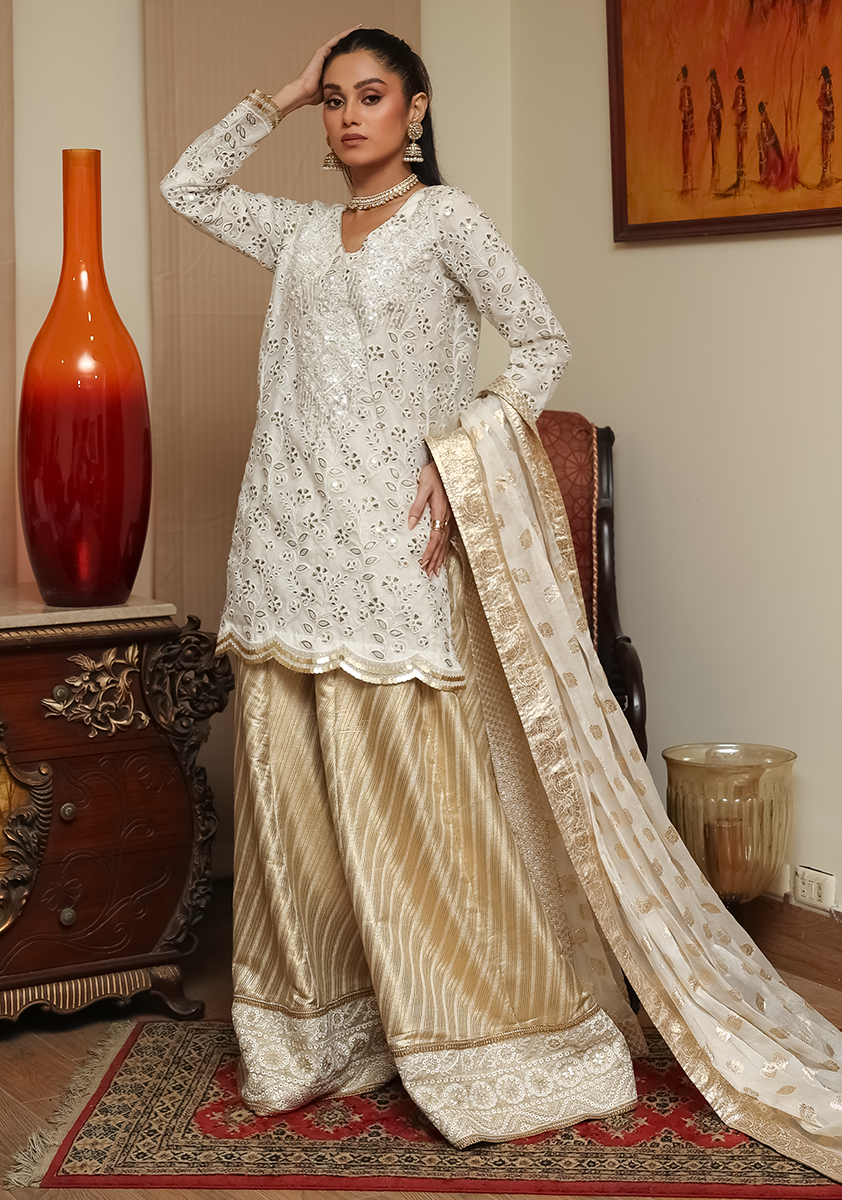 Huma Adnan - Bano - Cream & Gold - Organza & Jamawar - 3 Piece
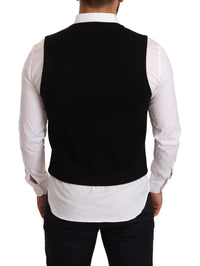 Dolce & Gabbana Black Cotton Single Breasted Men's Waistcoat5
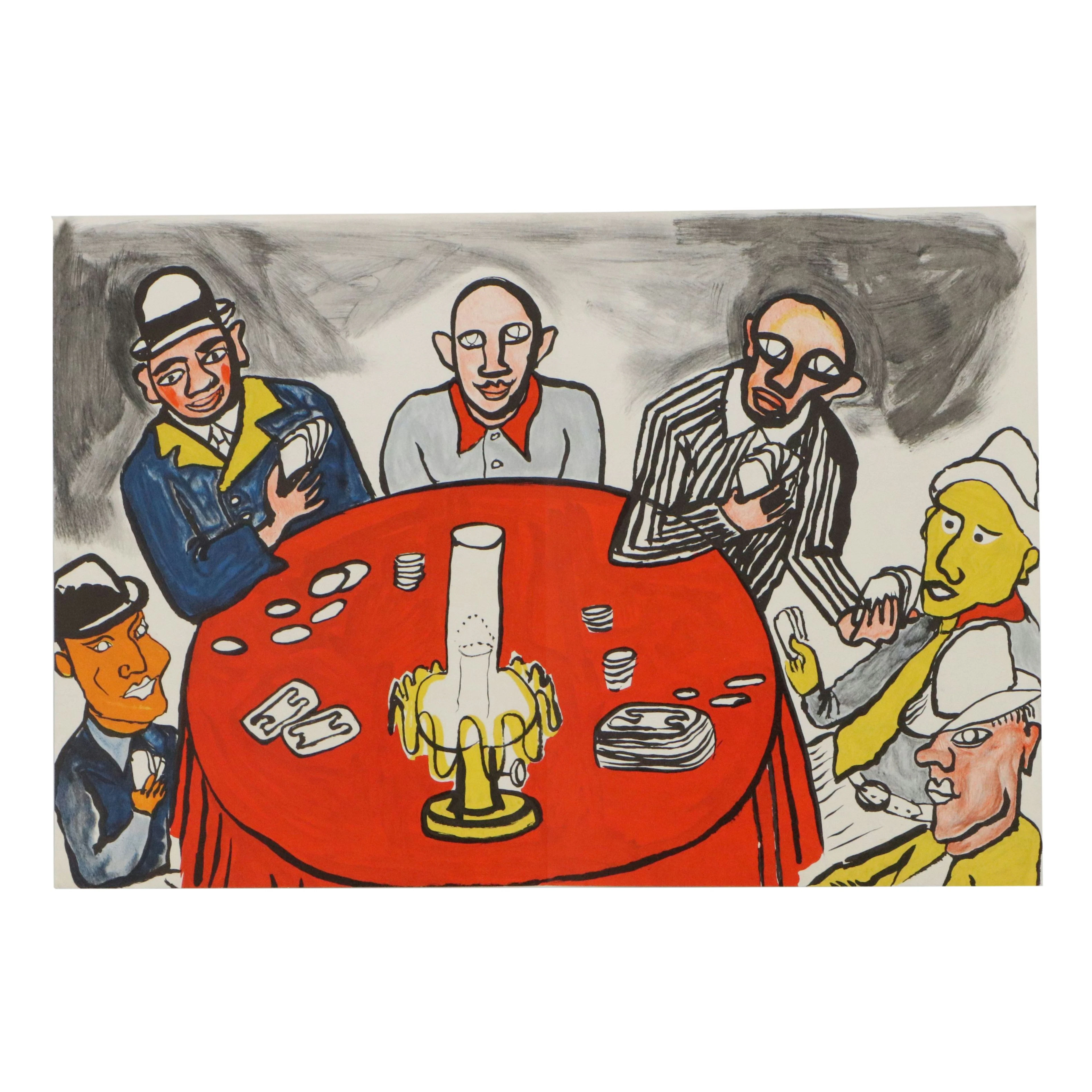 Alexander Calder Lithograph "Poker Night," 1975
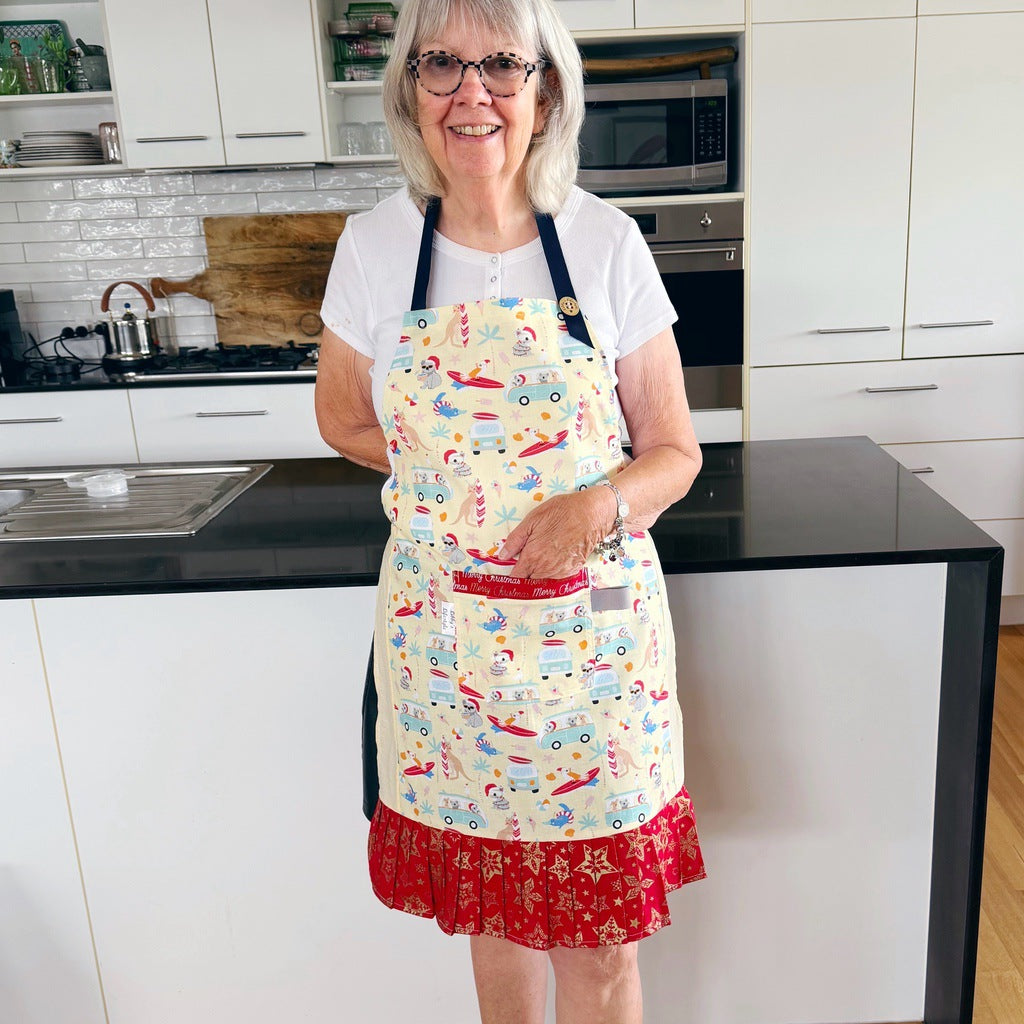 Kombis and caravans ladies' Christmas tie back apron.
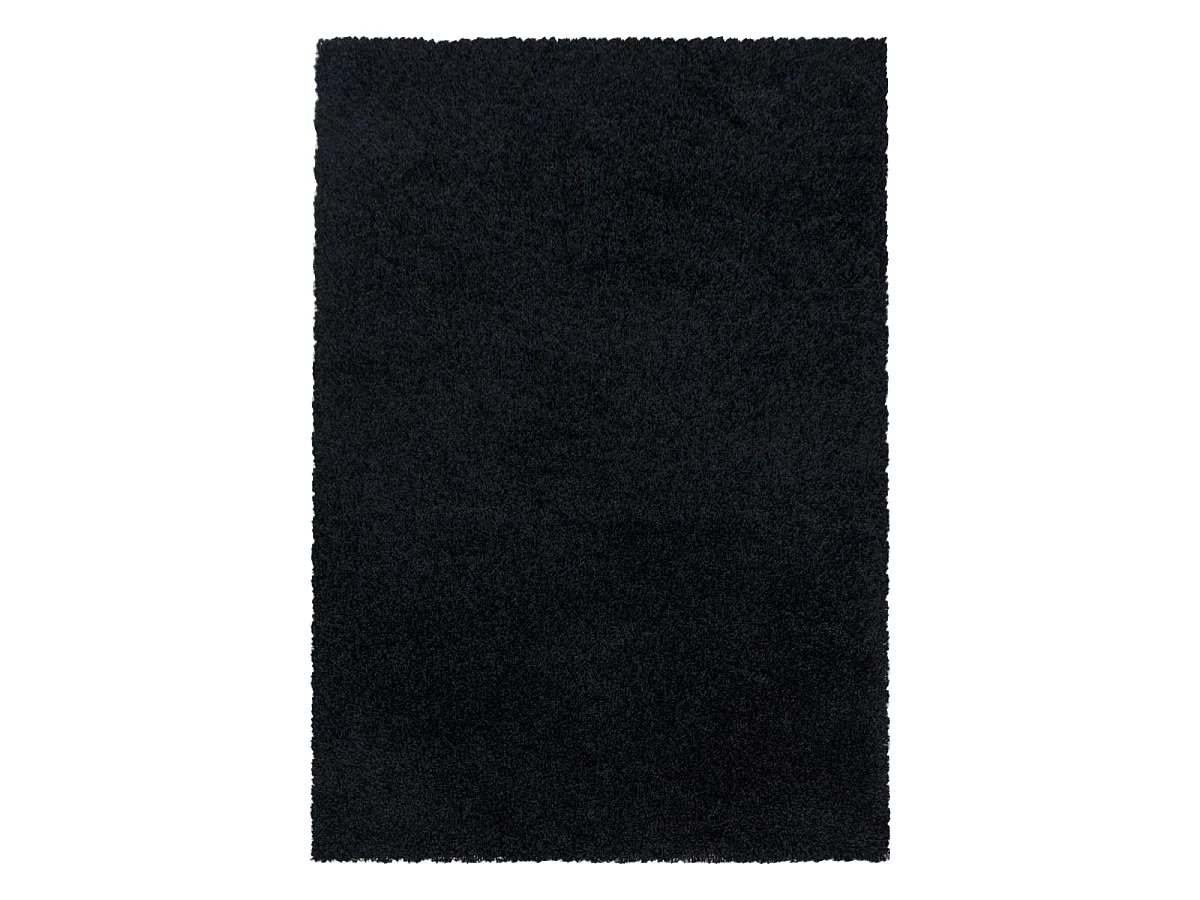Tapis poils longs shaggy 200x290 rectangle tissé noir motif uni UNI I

*****

▶ **Exercise objective**
Line by line, write out the material above exactly, with no images.

▶ **Output of the exercise**
 Huma Adnan - Bano - Cream & Gold - Organza & Jamawar - 3 Piece
 Dolce & Gabbana Black Cotton Single Breasted Men's Waistcoat5
 Alexander Calder Lithograph "Poker Night," 1975
 Kombis and caravans ladies' Christmas tie back apron.
Tapis poils longs shaggy 200x290 rectangle tissé noir motif uni UNI I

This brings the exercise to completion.